I am not a fan of Mutual Ministry Reviews for many of the same reasons that Edward Demming gave 50 years ago after he left the American business consulting world in disgust and went to Japan and helped create total quality management and radically transformed the quality of Japanese products.
Why the Church wants to continue to import failed consulting technology into its life continually confounds me.
What we need to create is cultures of ministry excellence that rely on continual improvement rather than on annual reviews. What is important here is not the review process but the underlying culture. We live in a competitive, adversarial, punitive, culture and strategies based on that culture have limited the ability to build sustainable cultures of excellence. The path to the future must be consistent with the future we desire.
Adversarial cultures do not create the Kingdom of God.
The alternative to the adversarial culture is the learning culture (see Peter Senge's work on Learning organizations) that is characterized by curiosity, wonder, empowerment, and excellence. Sadly, most review processes, because of the underlying adversarial culture, don't empower as they (in Demming's words) "rob the worker of their essential dignity".
Adversarial cultures focus on punishing failure,. Learning cultures focus on discovery, and will celebrate failure as one more step on the path to knowledge and excellence.
The challenge isn't to come up with a better review process. The challenge is to create the culture that could benefit from a review.

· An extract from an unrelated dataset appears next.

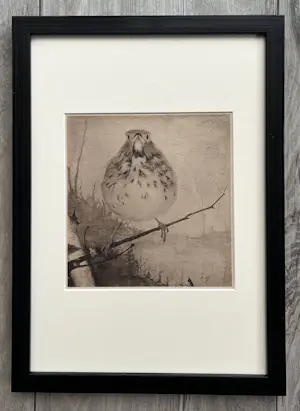 Jan Mankes - Originele Heliogravure Lijster op Tak 1923 kopen? Bied vanaf 185!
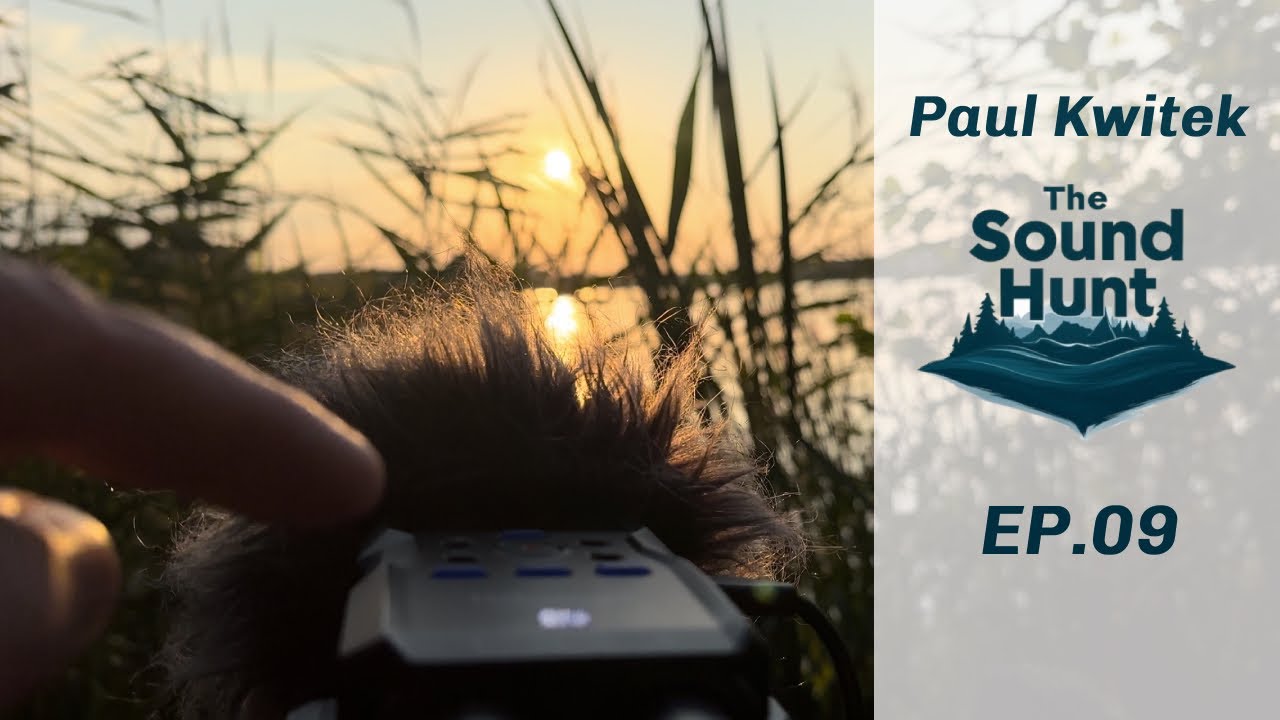 The Sound Hunt – Ep.09 | Relaxing Meadows & Migrating Cranes (Field Recording Nature sounds)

I have reviewed a number of tools, including some 360 leadership assessment tools for leaders, and generally, they are inappropriate for a Mutual Ministry Review. They tend not to look at the congregation's ministry - only the lead clergy. In addition, putting such a tool in the hands of untrained people means it can be usee as a weapon to bludgeon the leader.
At Clergy Leadership Development’s training program, our Mutual Ministry Valuations have two foci: creating an appreciative culture focused on excellence in ministry and building the ego strength of leaders so they can explore failure from a place of curiosity and wonder rather than fear.
Is your Church really interested in creating cultures of excellence? Or are you simply interested in punishing failure and cloaking it in fancy sounding language? If you really want to change your culture, try appreciative inquiry.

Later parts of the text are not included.